— Material shown —
━━━━━━━━━━
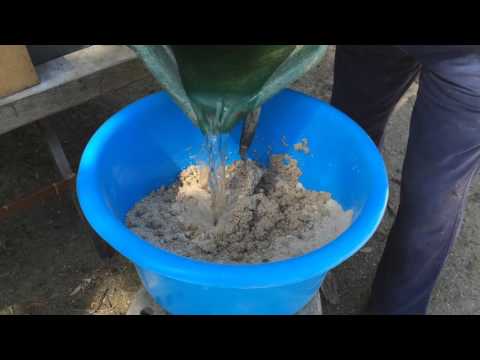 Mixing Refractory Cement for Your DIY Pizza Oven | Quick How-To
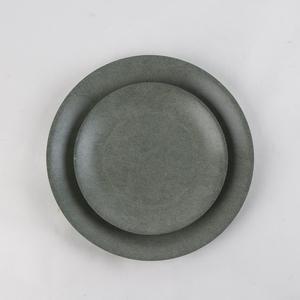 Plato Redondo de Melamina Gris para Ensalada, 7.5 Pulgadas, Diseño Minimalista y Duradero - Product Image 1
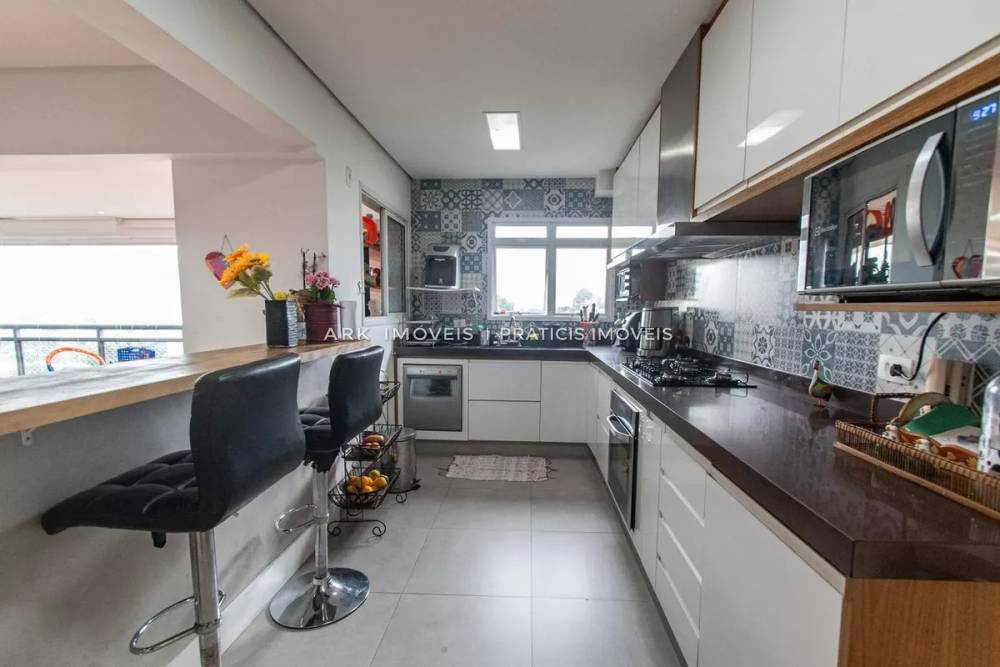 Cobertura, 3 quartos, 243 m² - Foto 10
━━━━━━━━━━
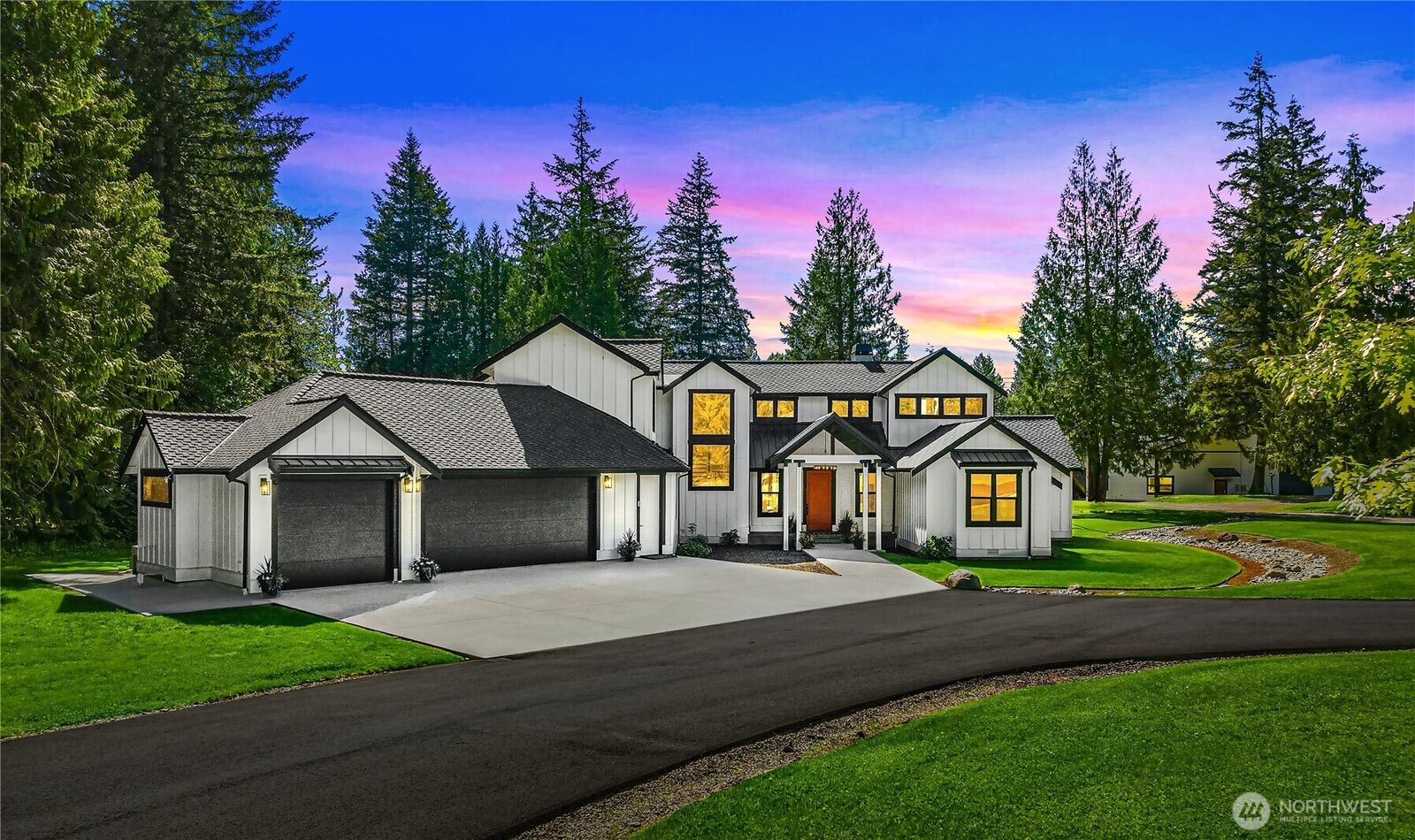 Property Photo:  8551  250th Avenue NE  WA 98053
━━━━━━━━━━
— Work instructions —
Go back to the listing above and write out the lines starting at the one with "Mixing Refractory Cement" and ending at the one with "Cobertura, 3 quartos, 243 m² - Foto 10", inclusive, exactly and without pictures.

— Result —
 Mixing Refractory Cement for Your DIY Pizza Oven | Quick How-To
 Plato Redondo de Melamina Gris para Ensalada, 7.5 Pulgadas, Diseño Minimalista y Duradero - Product Image 1
 Cobertura, 3 quartos, 243 m² - Foto 10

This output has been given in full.